From sea to shining sea—the ocean is full of an array of diverse and beautiful animals. This Independence Day, we can’t help but see the rainbow of colors in the ocean and realize that the seas are swimming with the red, the white and the blue.
Join us as we explore the deep blue of patriotic ocean species—it’s as American as apple pie LOBSTER!
Red, White and Blue (but first, stars!)
Brittle Stars are a quirkier, more slender version of a starfish. Their mouth contains not one… not two, but five jaws! You can find brittle stars in a variety of habitats around the world. There are 73 species of them in the Arctic alone! In the Alaskan Arctic, you can find most brittle stars on shallower ocean shelf waters. Brittle stars play a pretty important role in the food web too. They are known as “seafloor ecosystem engineers,” which means they reshape the sediment shape on the seafloor, which in turn influences the distribution of other seafloor species.

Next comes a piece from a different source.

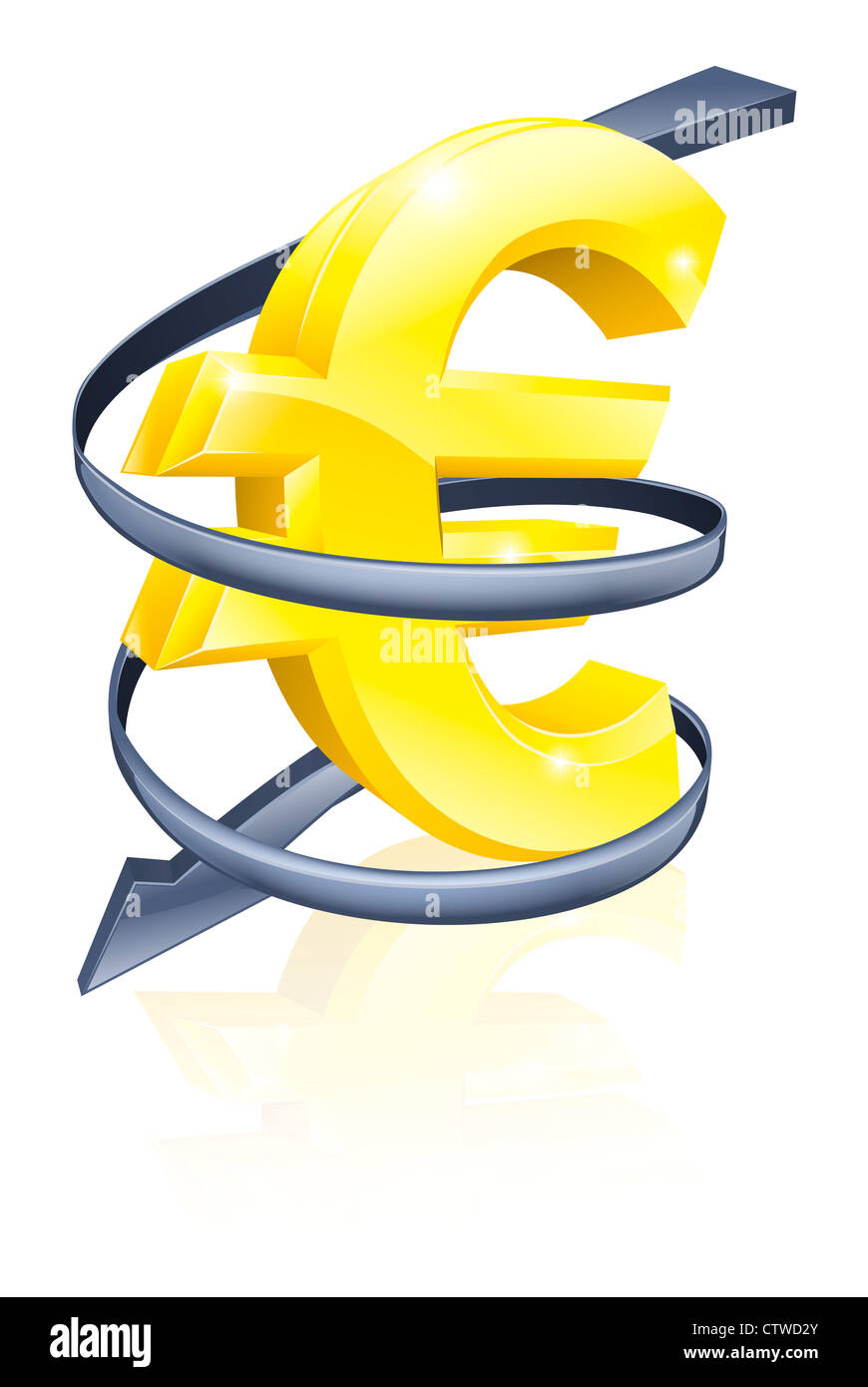 Konzeptionelle Finanzen oder Wirtschaft Konzept der Preisverfall des Euro-Wechselkurses oder nur fallende Gewinne Stockfoto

Red snapper are one of the most economically valuable fish in the Gulf of Mexico. Being a popular fish can have its downsides. Red snapper went through some tough times in the 1980s when their populations hit a low due to extreme overfishing. Thankfully, smart, science-based fishery management helped put red snapper on the road to recovery. Although red snapper numbers are getting better, they’re not out of the woods yet—management is still a hot topic of discussion.
Great White Sharks
Great white sharks are big—they can grow to more than 20 feet long and weigh more than 2.5 tons. This makes great white sharks the largest predatory fish in the world! Their bodies are designed for hunting: they have an excellent sense of smell and a winning set of sharp, serrated teeth that is perfect for capturing and tearing their prey apart. Great white sharks are solo swimmers, but you can find them with friends every now and again—especially if there is food around. Just like certain friends on the fourth of July, great white sharks can be uncharacteristically social with the promise of a yummy meal.
Bluefin tuna are built like torpedoes and race through the water at speeds up to 43 miles per hour. Because of their speed, fishermen view hooking bluefin tuna as the ultimate challenge. Although they are quite fast, fishermen often catch up to the fish, which poses a threat to their existence. Overfishing has led to plummeting population numbers. There are catch limits in place to protect the bluefin tuna population, but unfortunately, they are not always followed. If all fishermen follow the catch limits, it will help protect bluefin tuna from overfishing.
Celebrate the Ocean
As you celebrate Independence Day—don’t forget about the ocean! The ocean is at the center of who we are. Even if you’ve never seen the ocean, you’re touched by it every single day. It produces half the air you and I breathe every day, the food we eat and the water we drink.
This is what we’re fighting to protect. Because people and communities depend on the ocean every single day.